> -----Original Message-----
> From: [EMAIL PROTECTED] [mailto:[EMAIL PROTECTED]]On
> Behalf Of Marvin Long, Jr.

[snip]

> Although he doesn't address the issue of mass media credibility in detail
> (it's not his primary topic for what must be a short essay), he does
> at least acknowledge the problem, as I mentioned above.  He does not
> present an either-or case of Internet vs. mass media.  It's a case of
> Internet *as* mass-media being misued and misunderstood.

I've heard that idea elsewhere, but I don't hear it from Friedman.  And it
is flawed; if the Internet is mass media, then the definition of mass media
has changed considerably.  It is a many-to-many medium, particularly in the
context in which Friedman is discussing it.  The people in Indonesia are
learning thing -- things that obviously are not all true -- from new
sources.

> Friedman's point is not that Indonesia's elite 5% are ignorant.  It's that
> a sufficiently dangerous number of them are willing to encourage the
> masses' hatred of Jews and Americans, using the 'Net's ostensible
> credibility as a bulwark against normal skepticism.  It's that without
> education and access themselves, the masses are largely helpless in the
> face of such manipulation.

That's elitism.  They are not helpless.  They're waking up to the fact that
people are trying to manipulate them.  They suspected that western media was
doing so; they'll figure out that people use the Internet to do the same.
One thing you can be sure of -- with 5 percent of the population wired,
alternative points of view are *available*, which was not so true
previously.

> The situation in Indonesia is just as static:  a tiny elite controlling
> what the people have a right to know.

It's not static!  Friedman is pointing out a change that the Internet has
brought about.

> The problem Friedman points out is
> that the Internet cannot redress that inequity if the masses of people
> don't have access to it.  What the Internet can do is exacerbate the
> problem by lending authority to lies that certain elites choose to spread.
> I'd argue that if the wired 5% are not tearing each other's throats out in
> competition for power, then there is sufficient organization there for
> them to act as a biased filter of knowledge for their masses.  Even if
they
> are tearing each other's throats out, it's still quite possible -- and
> apparently the case -- that there's sufficient consensus about a given
> issue ("Islam good, Judaism evil") for that consensus to be presented to
> the masses as incontrovertible truth.

None of this fits with Friedman's description of the Internet as
"unfiltered."  Why do you imagine he used that word, if he isn't advocating
filtering of some kind?  I doubt if he'd advocate outright censorship, but
I'm fairly certain he's advocating the kind of filtering that western mass
media applies to information.  He doesn't say a word about increasing
Internet access in Indonesia or anywhere else.  I have a hard time imagining
that this article would lead anyone to believe that Internet access is a
good thing.  Who roots for more open sewers in their neighborhood?

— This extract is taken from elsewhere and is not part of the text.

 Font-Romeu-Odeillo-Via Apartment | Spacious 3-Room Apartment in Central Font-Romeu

What he's saying about Indonesia today is pretty much exactly the kind of
thing that people were saying about the west a few years ago when the
Internet first exploded.  Reading something in print on the net gives it an
aura of credibility, etc.  But in the space of a few years, people learned
to become skeptical again.  And that has done far more good than any kind of
filtering system, particularly the one at work in the mass media (which
filters according to what sells advertising, of course).

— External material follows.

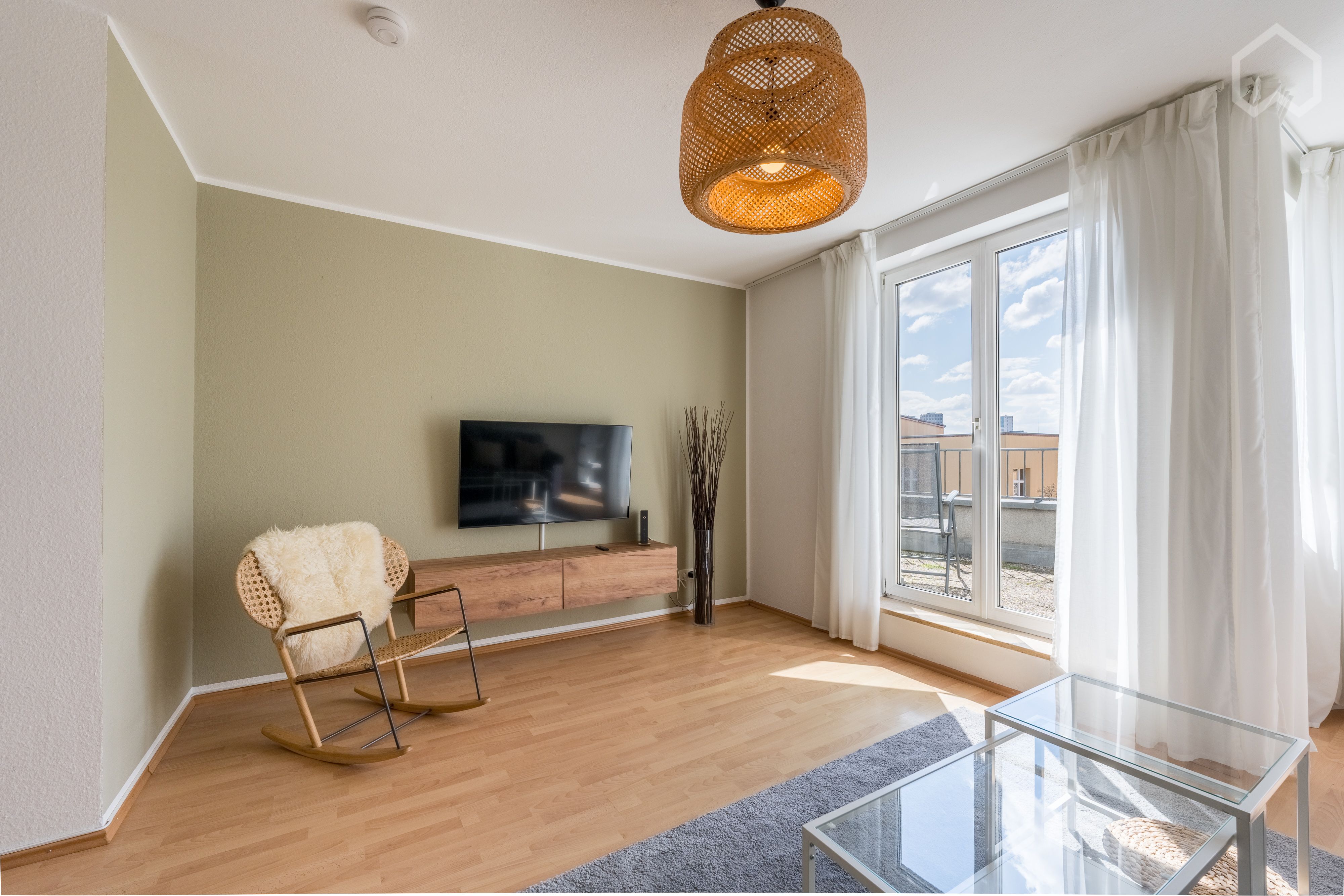  Fantastic 3-Room Apartment With Balcony, Right On The Spree  -  Fantastic 3-room apartment with balcony, right on the Spree  - Gallery -  22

> Saying that, you sound as though all masses are created equal with respect
> to the opportunity for knowledge, or as though Friedman think so.  They're
> not, and there's nothing in Friedman's article to suggest that Friedman
> thinks they are.

People do have equal ability to learn.  I'd argue that they don't learn from
the homogenized point of view of mass media.  The "5 percent" represents a
huge and rapid increase.  The expansion of points of view brought by the
Internet will do a great deal to provoke learning -- not "book learning" so
much as learning about liberty.  Friedman doesn't care to see that; he's
expressing a preference for preventing the dissemination of points of view
that he thinks are harmful (sewage).  That's what "filtering" means in this
essay, in my opinion.

> The problem Friedman presents is not that people cannot
> be trusted to make up their own minds; it's that a certain class of people
> aren't being given the opportunity to make up their own minds, and it's
> that the existence of the Internet can't solve that problem if it only
> belongs to a privileged few.

There's just no way that's what he's saying.  If it were, he'd have called
for greater Internet access in Indonesia.

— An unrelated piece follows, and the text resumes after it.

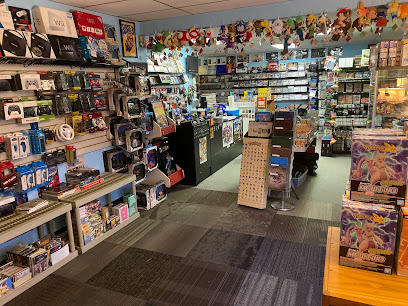 Bazaar Game Trading — card shop in Nashua, New Hampshire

> I think he's also arguing that the Internet,
> by itself, will never be a sufficient solution to the problems of
> hatred that already exist.  Again, the solutions he presents are not that
> people should watch more TV; it's that people need to meet more and know
> more about different peoples in personal, human to human contact.

I doubt it anyone regards it as a solution.  And I think you're making my
case with the last sentence.  I have no doubt that the Internet allows
people to see more points of view.  Sometimes those points of view are not
in our interest, but that doesn't mean that it should be filtered to remove
them.

You could argue that Friedman wants the "filters" to be in the minds of the
people using the Internet.  But he argues mostly against content -- scenes
"designed to inflame passions," producing only anger, making the world less
tolerant, less understanding, "an open sewer: an electronic conduit for
untreated, unfiltered information."  That's not about educating people, it's
paternalism, passing judgment on content.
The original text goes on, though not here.